Mayer shows that these causes always overlapped with the business interests of the donors. With many of them overseeing firms in the energy industry, it is unsurprising that several of the book’s most egregious examples involved campaigns aimed at loosening environmental regulations and protections.
Donations to US election campaigns dwarf expenditure in Europe where there are stricter spending and declaration limits. The scale and lack of transparency required for political donations may leave readers unfamiliar with the US slack-jawed. Mayer correctly highlights the impact of the supreme court decision on Citizens United that meant corporations could donate freely and anonymously through 501c4 and 501c6 organizations.
One result was that, in the 2012 presidential race, the top 0.04 per cent of donors contributed the same as the bottom 68 per cent. No previous year had shown more spending by fewer people.

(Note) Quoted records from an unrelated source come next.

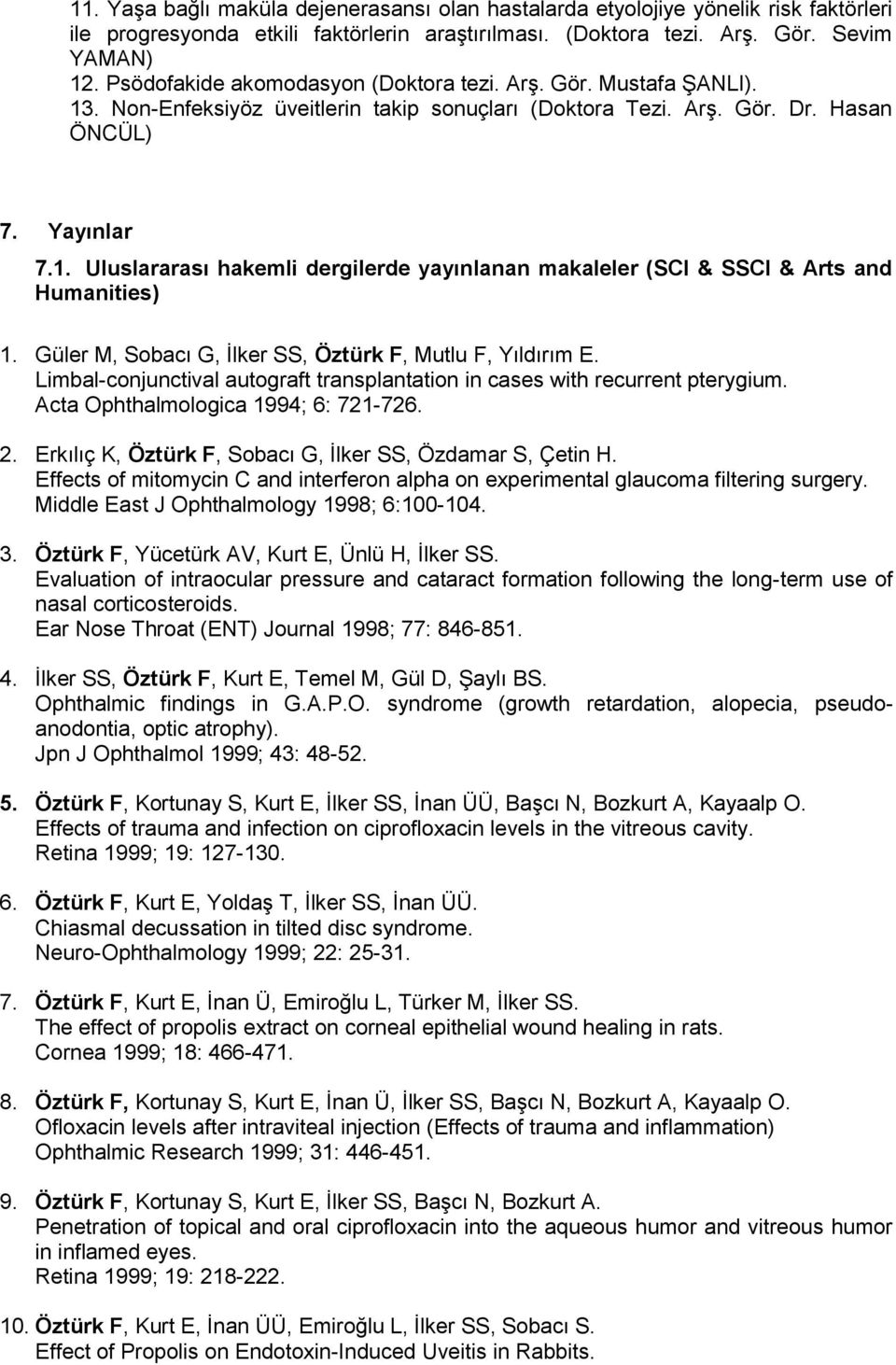 Güler M, Sobacı G, İlker SS, Öztürk F, Mutlu F, Yıldırım E. Limbal-conjunctival autograft transplantation in cases with recurrent pterygium. Acta Ophthalmologica 1994; 6: 721-726. 2.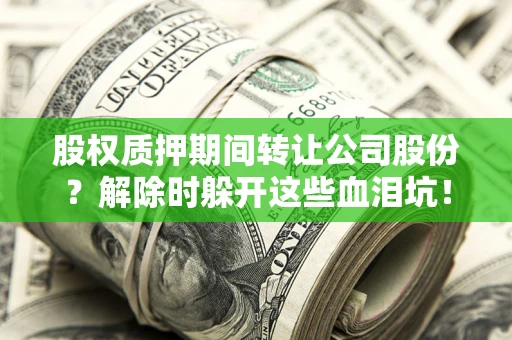 武汉股权质押期间转让公司股份？解除时躲开这些血泪坑！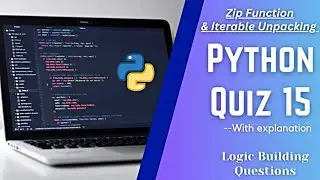 Python Quiz 15 | Zip Function & Iterable Unpacking in Python || Logic Building Questions ||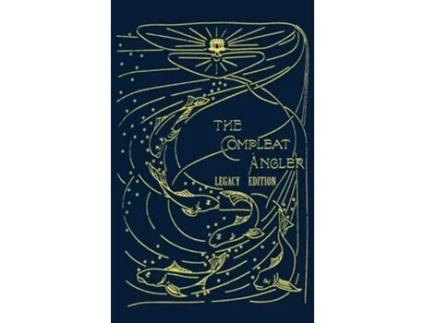 Livro The Compleat Angler - Legacy Edition De Isaak Walton (inglês - Capa Dura)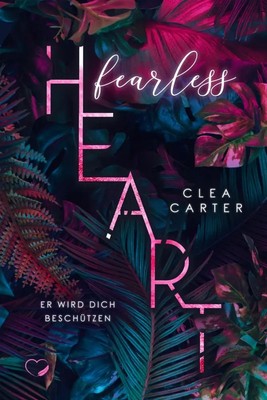 Fearless Heart | Er wird dich beschützen (Bad Hero Romance) | Clea Carter | Buch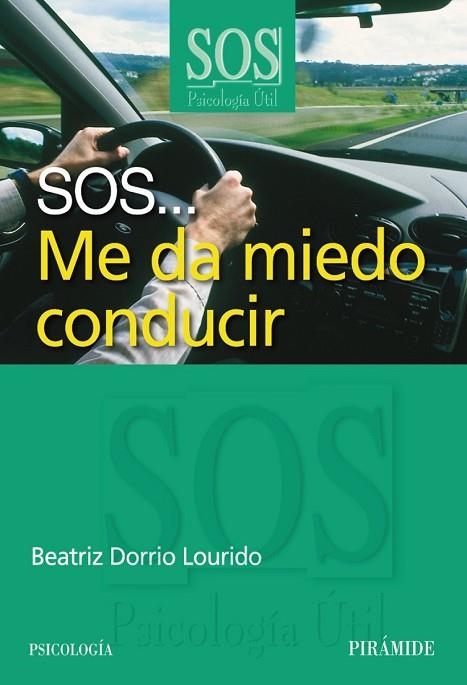 SOS...ME DA MIEDO CONDUCIR | 9788436823806 | DORRIO, BEATRIZ | Llibreria Drac - Llibreria d'Olot | Comprar llibres en català i castellà online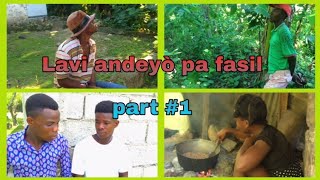 Lavi andeyò pa fasil Part #1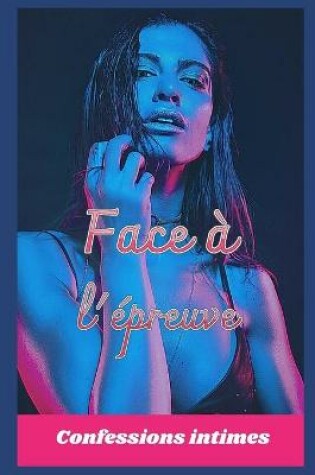 Cover of Face à l'épreuve (vol 1)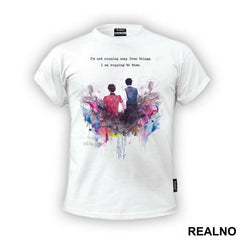 I'm Not Running Away From Things. I'm Running To Them - Doctor Who - DW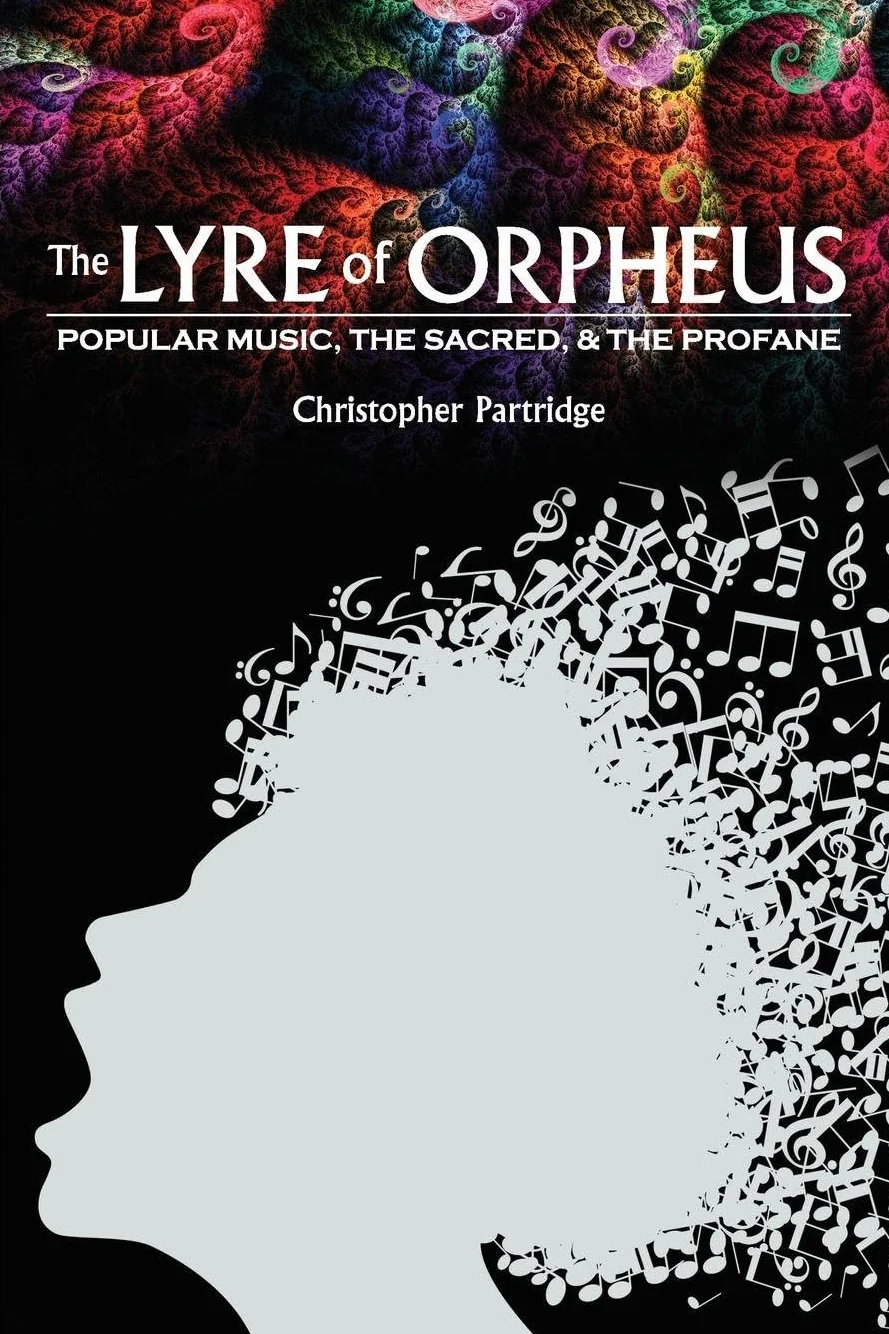 The Lyre of Orpheus: Popular Music, The Sacred, And The Profane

With the benefit of hindsight and the picture Mayer paints, it is dumbfounding that the radical and moneyed right’s gradual creation of levers of self-interest that combined to be a poison to democracy went unnoticed. Academic institutions ceded independence in return for money, journalists started mainstreaming minority views, politicians stopped questioning where the funding of think-tanks was coming from.
By the time realization dawned, the radical right’s influence had spread to create civil unrest over a range of issues, most famously Obamacare.
So what is there for philanthropy to learn from this? Firstly, it should warn that when money, especially large sums of money, is on offer the power dynamics become warped. People will court those they shouldn’t, accept funds that involve compromising principles and bypass due diligence. As funders, it is incumbent on us not to step over the line on this and to take a balanced view of those who turn down funding from others.
It also shows how effective political giving or supporting political advocacy can be. With careful checks and balances it should not be something that foundations shy away from – but it should be done in an environment that is transparent and capped, two features sorely lacking from the US system.
Mayer’s book could benefit from expanding on these thoughts. It is also a shame that little more than two paragraphs are given to the giving of George Soros who famously announced he would spend his entire $7 billion fortune to rid people of George W Bush – then found his money unable to achieve it. Mayer does highlight one crucial difference though – Soros’ giving was transparent and aimed at giving more people access to power and democracy.
Dark Money is an immensely useful reminder both of what political giving can achieve, but also of the importance of spending caps and transparency to prevent the growth of undue influence. Without those safeguards you can end up in the mess US politics is currently in, where those with money have far too much of a say over the lives of those with less.
Alison Goldsworthy is a director of the Joseph Rowntree Reform Trust.